On ne présente plus George Bellas. Enchainons donc directement sur…comment ça «qui ça ?» ? Bon, alors, présentons George Bellas pour les quelques incultes qui oseraient ne pas connaître et admirer ce shredder, l’un des plus impressionnants, versatiles et doués de sa génération. Loin d’être le plus populaire, cela dit, tant son art est cantonné à un univers fermé et – disons le – élitiste. Et ce n’est pas avec ce Step To The Future que ça va changer, tant cet album est – là encore, n’ayons pas peur des mots – indigeste et pénible.

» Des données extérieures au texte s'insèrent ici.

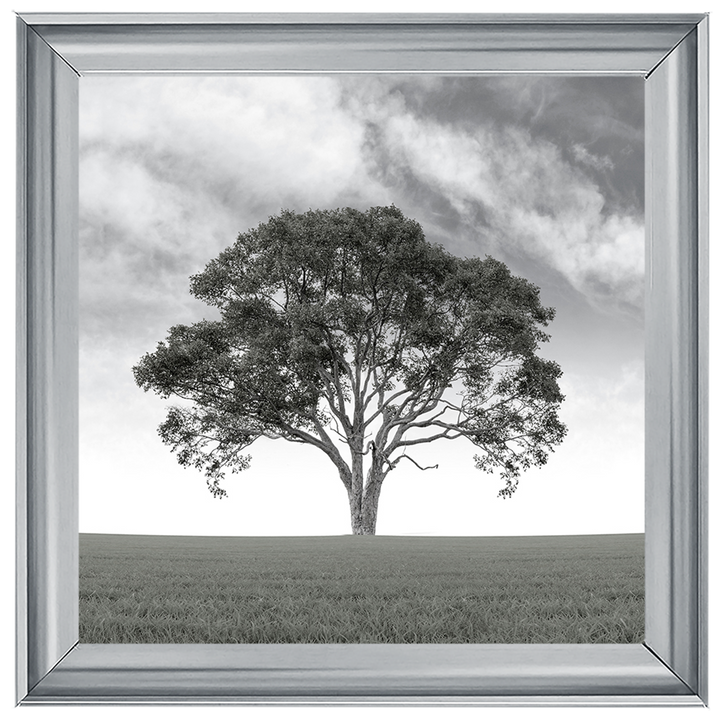 LS190 Lone Tree 1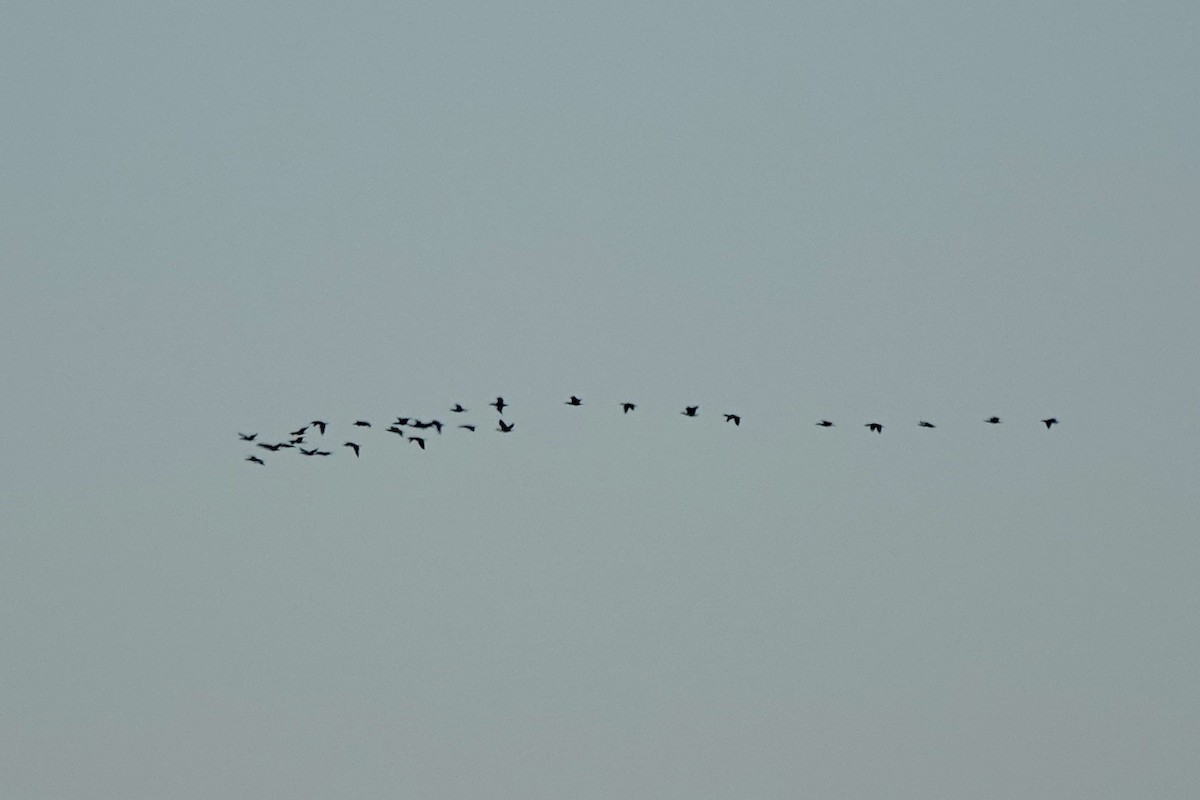 Cormoran à aigrettes - ML645844573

Déjà, Step To The Future, c’est des chiffres presque aussi bas que le CAC40 durant la crise, à savoir deux musiciens – dont 0 chanteur - et un seul et unique titre. Bon, certes, celui-ci fait l’imposante durée de 76 minutes, mais il se sent bien seul sur la tracklist du CD. Vous l’avez compris vu l’absence de chanteur, c’est donc un titre purement instrumental. A ce stade là, vu les éléments en votre possession, vous devriez afficher une expression horrifiée, les yeux révulsés et un peu de bave au coin des lèvres, prêts à prendre la fuite. Permettez-moi de vous donner le coup de grâce : c’est progressif, expérimental, avant-gardiste et ça shred. Voila, merci d’être venu, au revoir.

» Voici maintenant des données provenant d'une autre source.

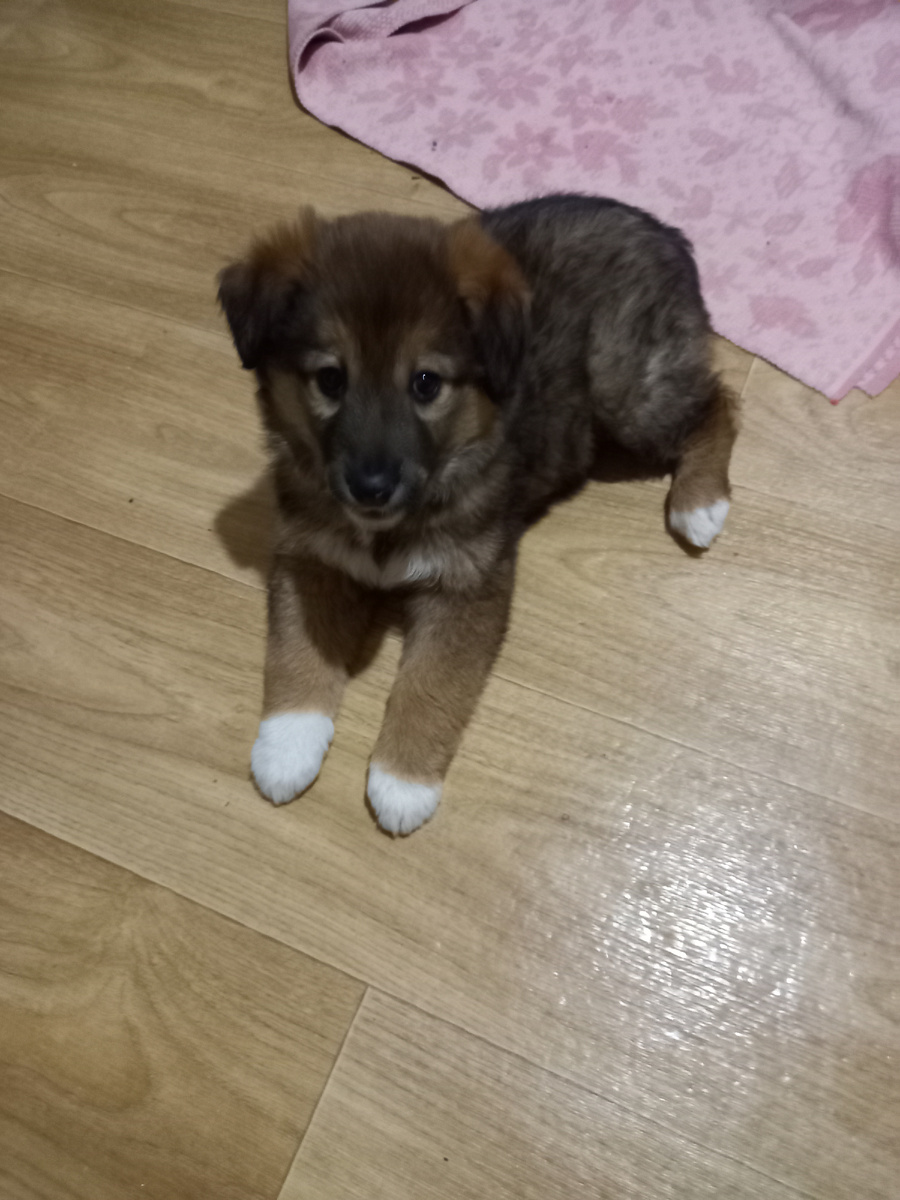 В прошлом кадре я повторяла эту фотографию. Найдите 10 отличий :-)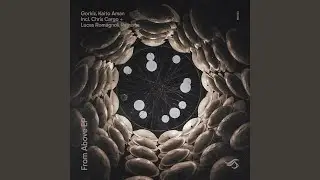 Disruption (Lucas Romagnoli Remix)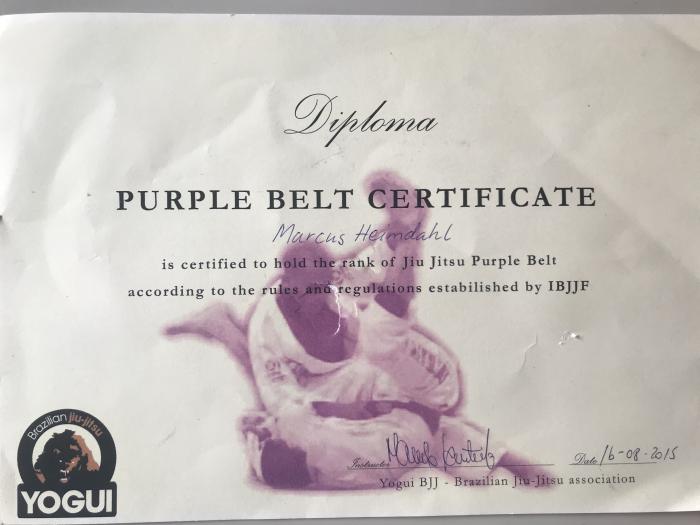 Purple belt · August 16, 2015 · Promoted by Marcelo Yogui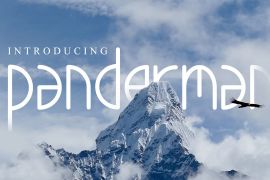 Panderman Bold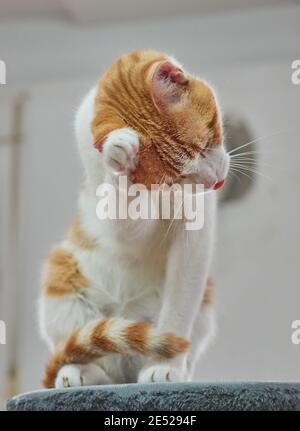Flauschiges Weiß und Gingercat kratzen am Ohr Stockfoto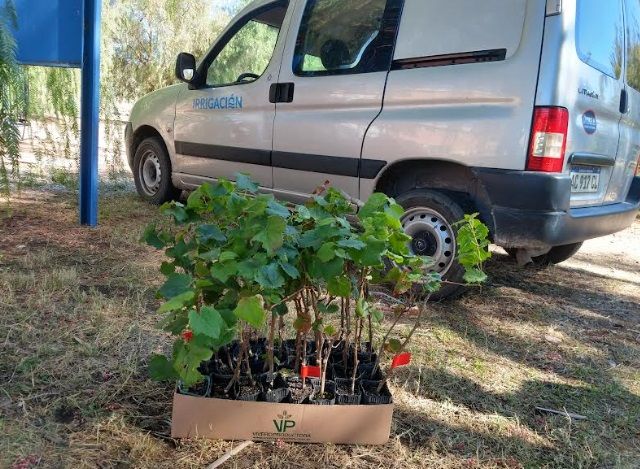 Irrigación trabaja en el uso de aguas grises para el riego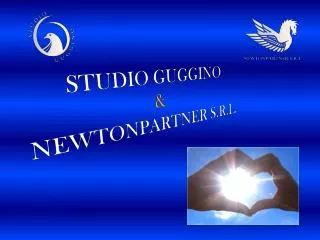 studio guggino newtonpartner s r l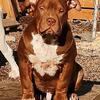 4 month American Bully XL Male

Ah, il reste un lecteur courageux, qu’il soit remercié de sa témérité. Rentrons donc un peu plus dans le détail. Bellas assure sur Step To The Future la basse, le clavier et bien sur la guitare, la batterie étant occupée par le très bon Marco Minnemann, batteur versatile et ultra-technique ayant joué avec - entre autre – Paul Gilbert, Illogicist, Necrophagist ou Marco Ferrigno. La production est typique du bonhomme, c'est-à-dire relativement froide et aseptisée, avec une guitare assez peu saturée, des sons de claviers un peu kitch mais légers, une basse précise qui manque cependant cruellement de poids, et une batterie absolument pas métal, plus rock/prog, de bonne facture. L’album est donc, de ce point de vue là, loin d’être repoussant. Le mix est équilibré et sait faire preuve de retenue. Non, le problème, c’est la musique.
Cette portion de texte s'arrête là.